Newly elected ARRL CEO Howard Michel, WB2ITX, is still on the uphill side of the learning curve as he acquaints himself with ARRL Headquarters and the nearly 90 staffers who work there. The New Jersey native arrived at HQ on October 15 and has spent much of his time since meeting with department managers and others to get his bearings, with an eye toward building consensus and aligning people, programs, and services in the same direction.

“I’m still trying to understand what is working and where the challenges are,” Michel said. “Once I understand where the challenges are, I need to understand why. Before I make any changes in what we’re doing, I need to make sure the change is a step in the right direction and for the right reasons, and not kind of a random process.”

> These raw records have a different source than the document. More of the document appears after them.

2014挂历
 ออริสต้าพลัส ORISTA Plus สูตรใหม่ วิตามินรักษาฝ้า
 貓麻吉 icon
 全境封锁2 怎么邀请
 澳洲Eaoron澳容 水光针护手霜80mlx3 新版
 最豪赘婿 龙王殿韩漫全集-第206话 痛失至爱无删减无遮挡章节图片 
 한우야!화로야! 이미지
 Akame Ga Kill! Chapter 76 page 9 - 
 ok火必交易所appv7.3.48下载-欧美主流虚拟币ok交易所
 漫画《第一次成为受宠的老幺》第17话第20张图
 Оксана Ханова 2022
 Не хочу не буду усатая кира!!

Michel would like to see ARRL focus on the future of Amateur Radio and not become the redoubt of a particular generation of radio amateur or interest group. He said, “Ham radio shouldn’t abandon the old guardians of the hobby, but at the same time, it needs to have new things that appeal to people who have different interests and different passions.”

Ham radio appears currently entrenched with opposition often expressed to FT8 and other digital modes and protocols that bend Amateur Radio traditions and conventions, Michel observed. However, as he sees it, technology for the whole of Amateur Radio has been changing, and detractors to advances have always been present. He’d like ARRL to encourage more technological diversity without creating controversy.

“My kick is seeing the technology advance,” the former IEEE president and CEO said. “I want to see hams embrace the new technology — as long as we do that in a way that those who don’t adopt the new technology won’t feel abandoned.” In his view, the real reason behind the continued enthusiasm for CW “is not the technology; it’s the legacy.”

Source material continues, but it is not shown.